Problem description: In the entries below, find the line with "Booking a session from a coach's free slots" and the line with "Goluck Classics Sneakers"; give again those lines and every line between them, exactly.

The records:
-- Opening Marker --

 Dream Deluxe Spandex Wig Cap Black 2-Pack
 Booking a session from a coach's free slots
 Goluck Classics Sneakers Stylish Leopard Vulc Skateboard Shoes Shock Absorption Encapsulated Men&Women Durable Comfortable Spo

-- Closing Marker --
-- Opening Marker --

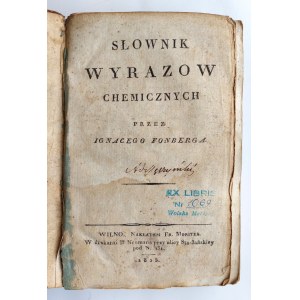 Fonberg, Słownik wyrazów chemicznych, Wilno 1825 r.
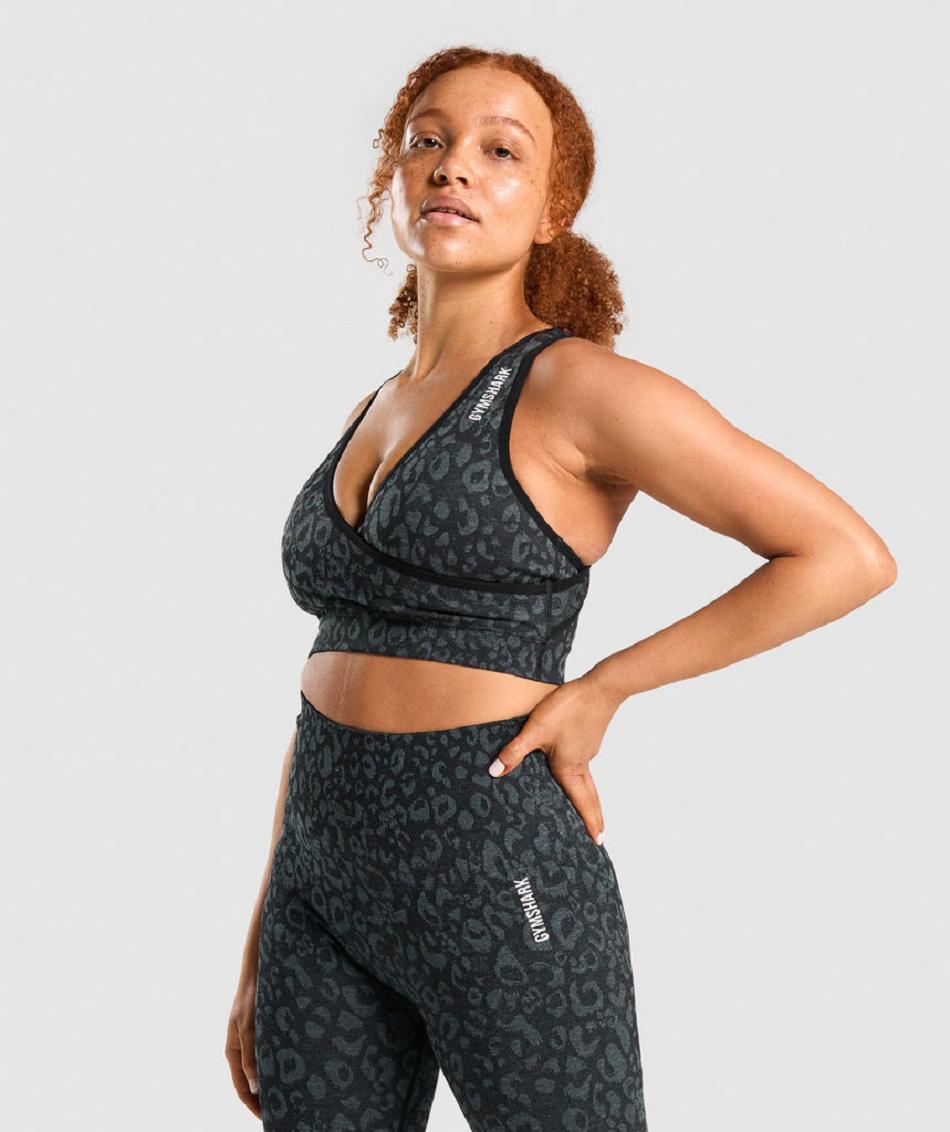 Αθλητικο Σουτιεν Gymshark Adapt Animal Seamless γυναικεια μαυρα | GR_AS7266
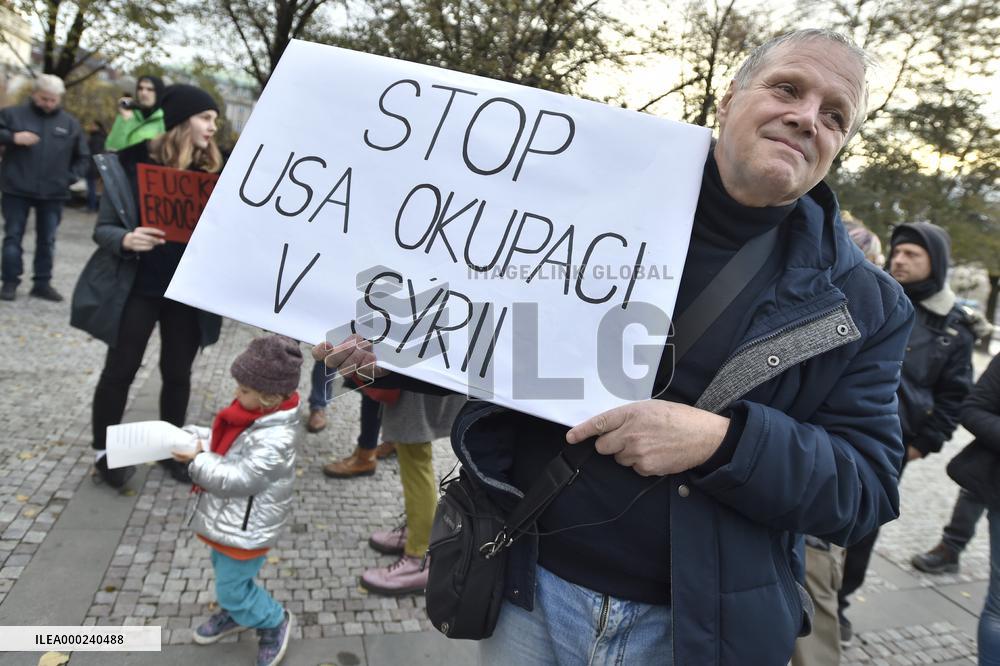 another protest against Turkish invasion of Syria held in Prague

-- Closing Marker --

Written solution:
 Booking a session from a coach's free slots
 Goluck Classics Sneakers Stylish Leopard Vulc Skateboard Shoes Shock Absorption Encapsulated Men&Women Durable Comfortable Spo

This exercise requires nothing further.